* [WHAT NEEDS TO BE DONE] Exclude the pictures; give every entry again exactly as written.

[PROVIDED RECORDS — start]

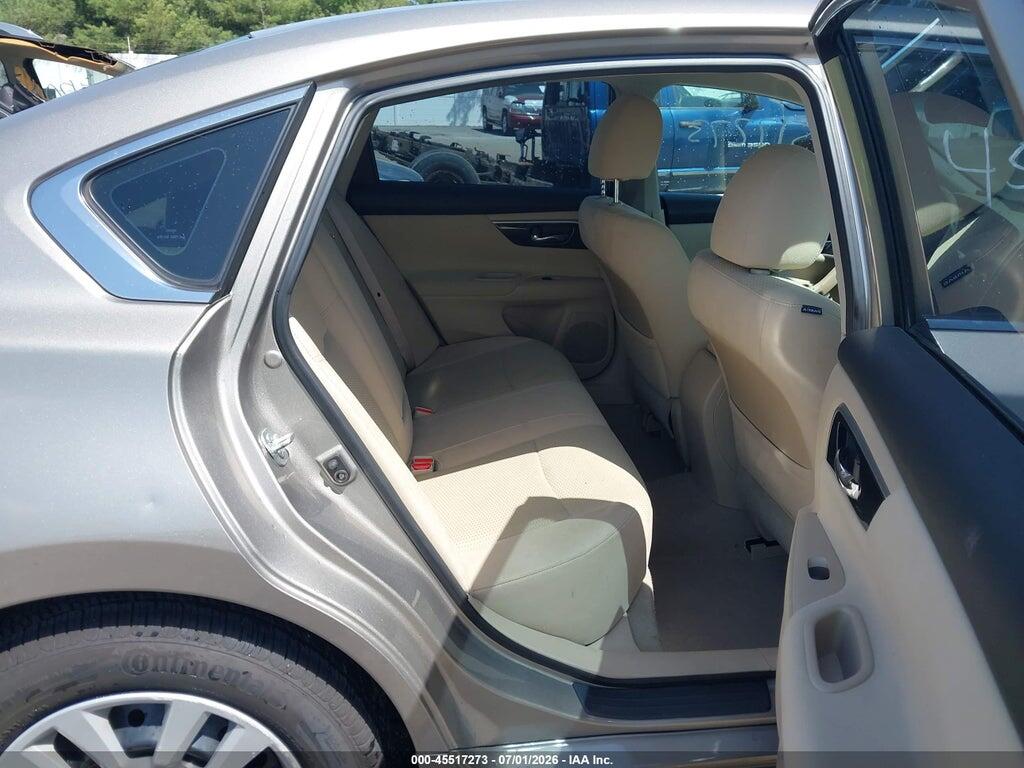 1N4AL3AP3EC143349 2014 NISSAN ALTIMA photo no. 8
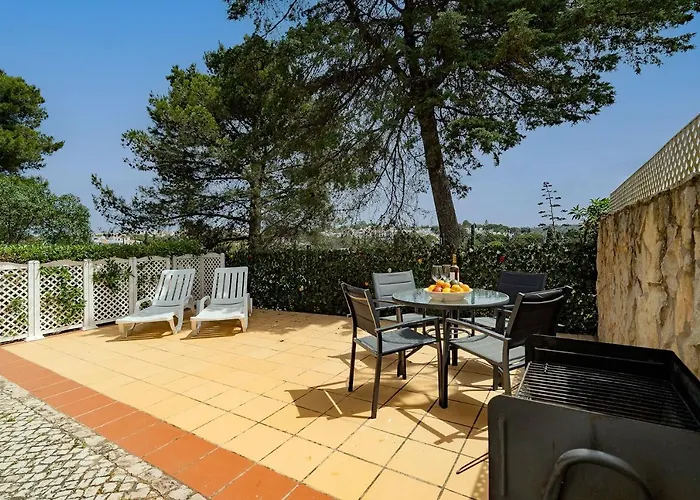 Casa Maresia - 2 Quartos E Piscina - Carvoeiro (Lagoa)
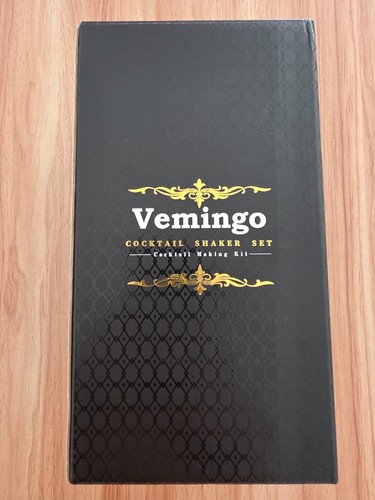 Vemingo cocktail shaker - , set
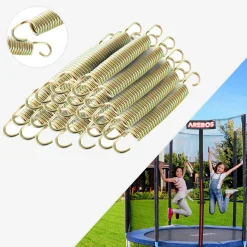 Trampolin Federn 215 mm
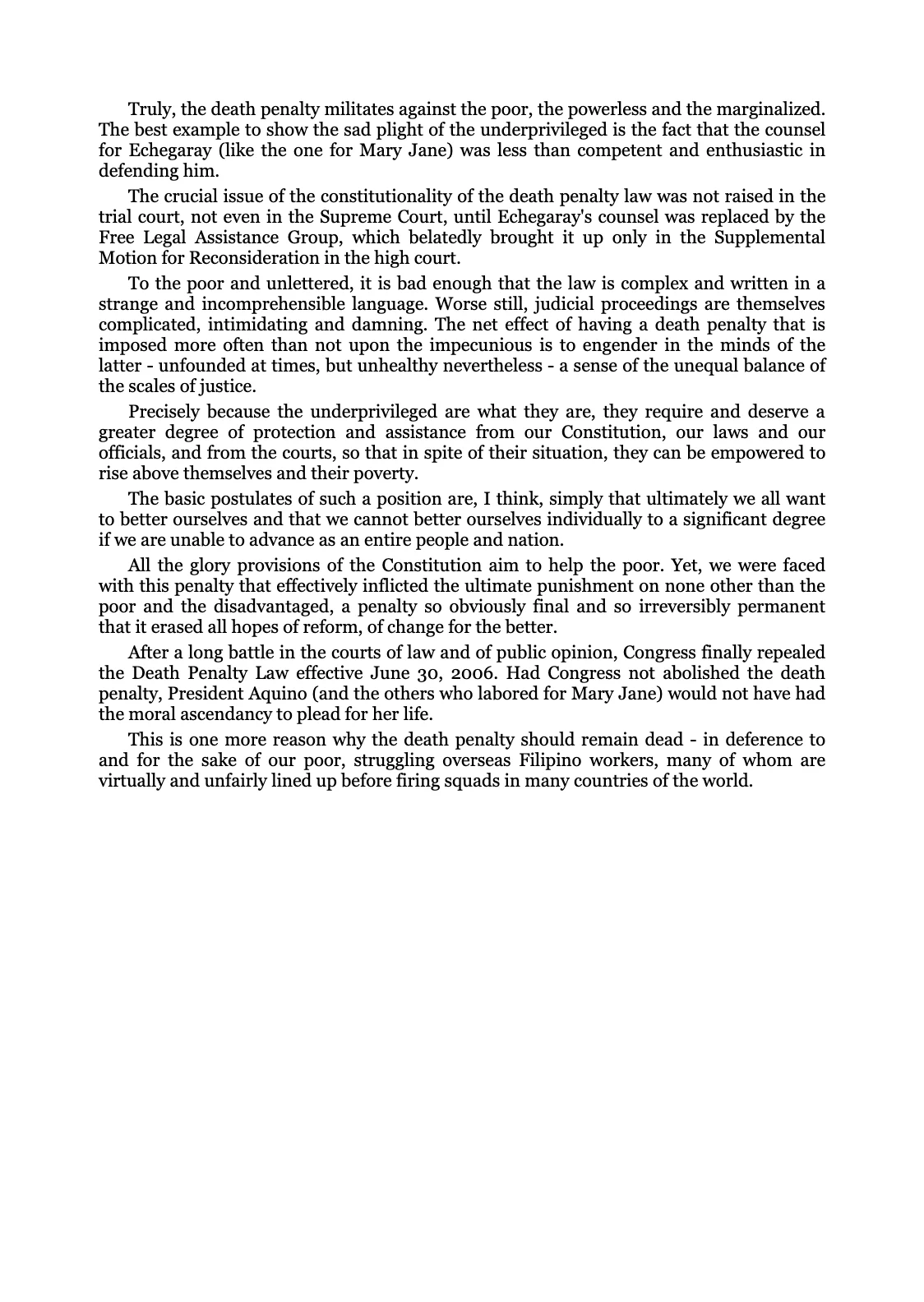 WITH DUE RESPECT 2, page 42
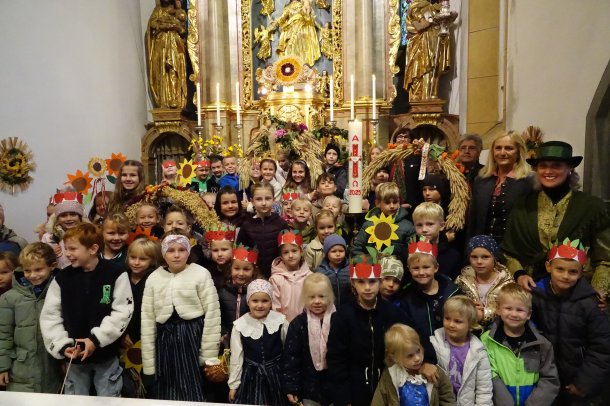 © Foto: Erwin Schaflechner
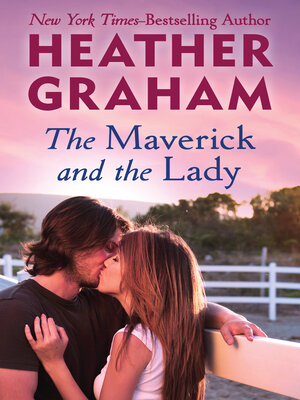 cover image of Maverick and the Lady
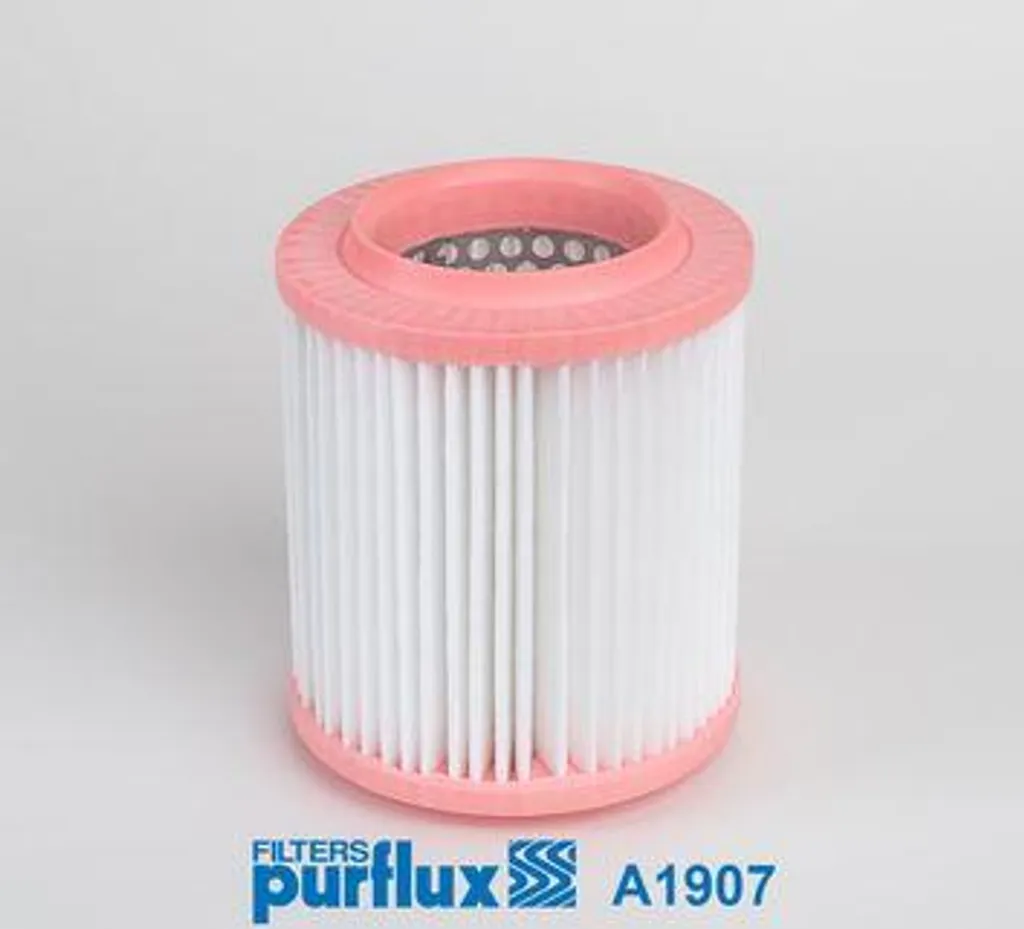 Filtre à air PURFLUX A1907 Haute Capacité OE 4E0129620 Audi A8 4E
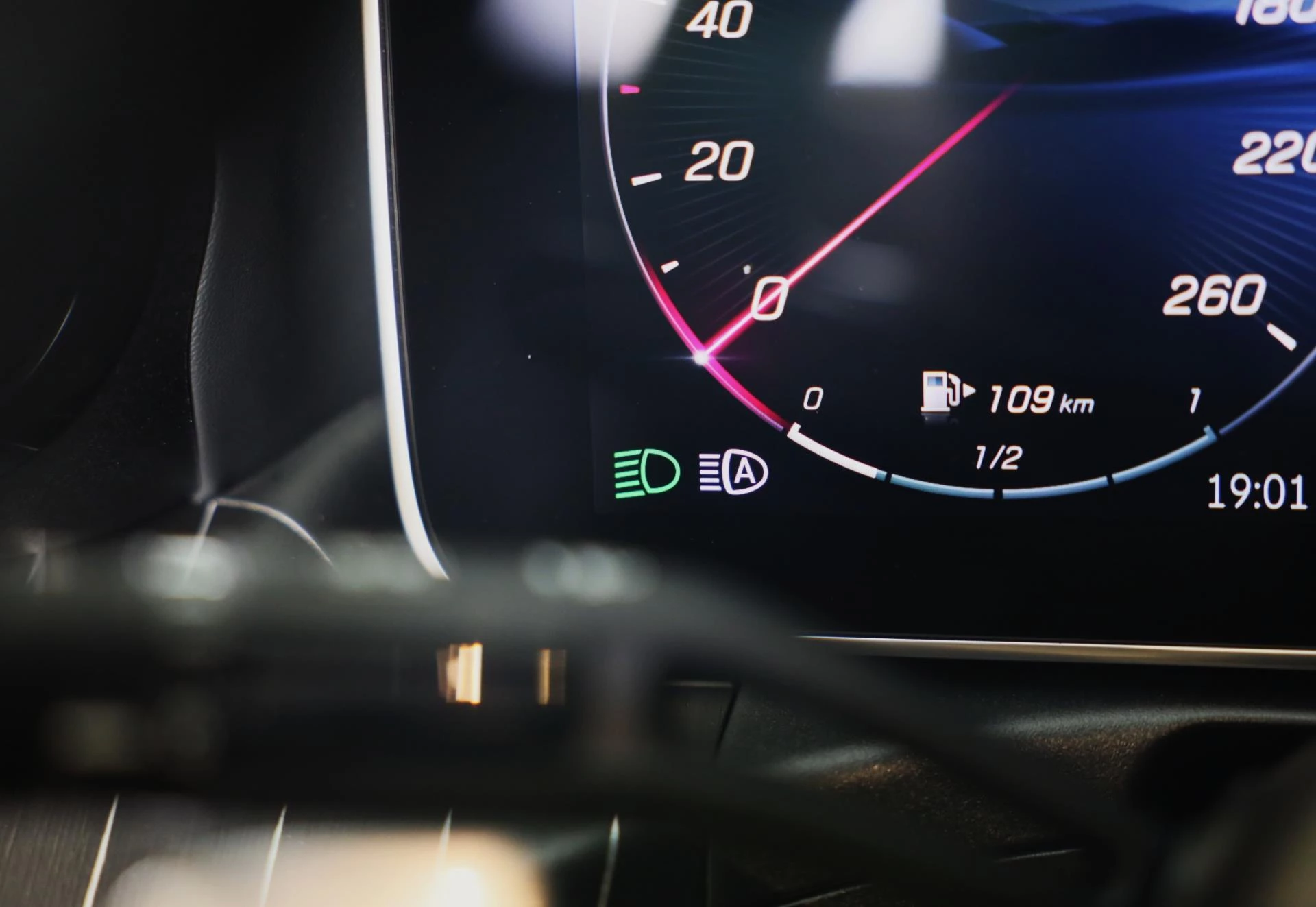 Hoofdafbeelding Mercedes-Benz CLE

[PROVIDED RECORDS — finish]

* [RESPONSE TO THE TASK]
 1N4AL3AP3EC143349 2014 NISSAN ALTIMA photo no. 8
 Casa Maresia - 2 Quartos E Piscina - Carvoeiro (Lagoa)
 Vemingo cocktail shaker - , set
 Trampolin Federn 215 mm
 WITH DUE RESPECT 2, page 42
 © Foto: Erwin Schaflechner
 cover image of Maverick and the Lady
 Filtre à air PURFLUX A1907 Haute Capacité OE 4E0129620 Audi A8 4E
 Hoofdafbeelding Mercedes-Benz CLE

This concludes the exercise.